NEW YORK -- Apple sells about a quarter of all e-books in the market, a high-level executive at the electronics giant said Monday.

Eddy Cue, Apple's senior vice president of software and services, estimated that Apple holds a 25 percent share of the market, about on par with Barnes & Noble. He noted the two companies often flip the ranking, with Barnes & Noble sometimes having a higher share than Apple.

"I believe it's close," Cue said in his testimony Monday during Apple's e-book pricing trial. "At different times, we go back and forth."

The Department of Justice earlier Monday presented an e-mail from Cue from October 2010 -- about six months after iBooks launched -- that called Apple's digital bookstore a failure. Cue said in the e-mail that until Apple had Random House books in the iBookstore, it couldn't succeed. At that time, he estimated Apple controlled 20 percent of the e-book market share.

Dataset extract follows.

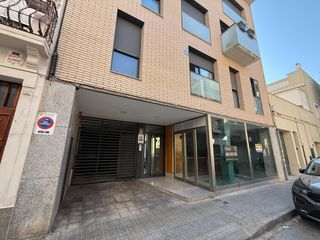 Local Comercial en INDUSTRIA 84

"I agree that we have failed with the book store," Cue said in October 2010. "There is no answer in sight because Random House [doesn't] want to go agency and is [in] bed with Amazon. Until we get them, we can't succeed."

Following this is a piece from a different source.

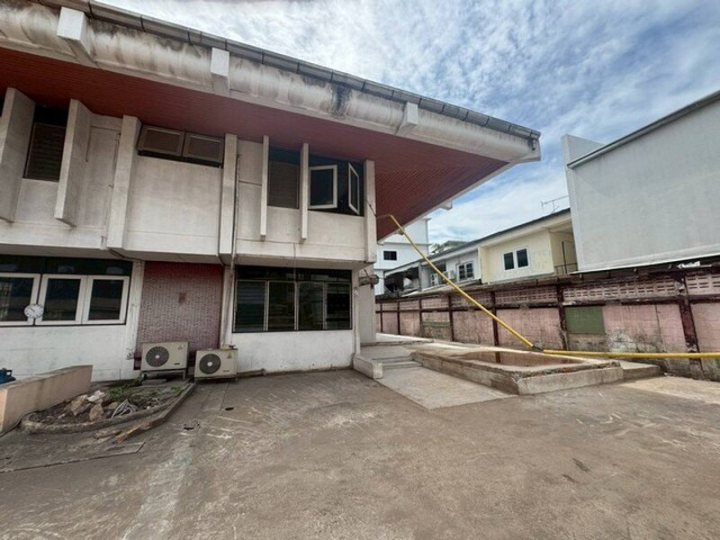 ให้เช่าที่ดินพร้อมบ้าน 131 ตรว สุขุมวิท71 ปรีดี 14 ใกล้BTS พระโขนง ตัวบ้านและที่ดินเคลียร์พื้นที่โล่งพร้อมเข้าปรับพื้นที่ให้เหมาะสมการใช้งาน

Apple ultimately reached a deal to add Random House titles to iBooks in early 2011, a year after the store first launched. However, the DOJ argued that Apple forced Random House to become an iBooks partner by threatening to not approve a Random House app in late 2010.

"We weren't threatening," Cue said. "We said no."

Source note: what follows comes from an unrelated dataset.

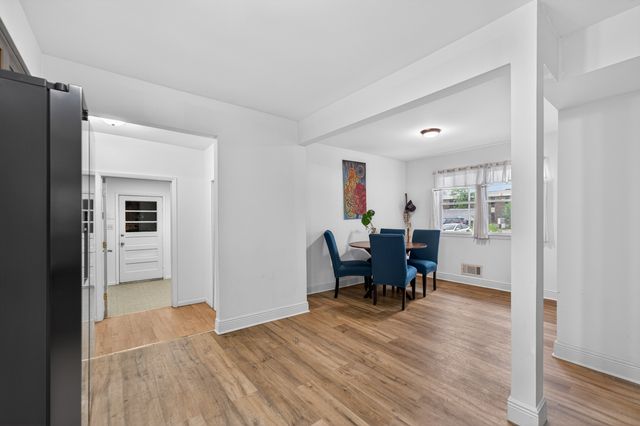 7307 W College Drive, Palos Heights, IL 60463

"Random House wanted to create apps that are books," Cue added. He noted that would confuse consumers, and Apple "wasn't motivated or excited with partnering with someone in the book business who didn't want to be in our bookstore."

The DOJ presented an e-mail from Apple executive Eddy Cue that called iBooks a failure. U.S. Department of Justice
Cue on Monday also disputed DOJ comments that iBooks isn't more successful because consumers perceive Apple caused e-book pricing to rise. He said he considers iBooks a success, but he'd "like it to be more successful."

The Justice Department, which initially sued Apple and a handful of the nation's largest publishers slightly more than a year ago, contends Apple forced publishers to move to a model that artificially inflated the prices of digital books and hurt consumers. Apple has argued that it wasn't trying to change the industry and that it was only trying to secure the best deal for itself.

The two sides have been making their arguments in court during the three-week trial. Cue testified over the past couple days, and the DOJ rested its case following his testimony Monday. Closing arguments are scheduled for Thursday.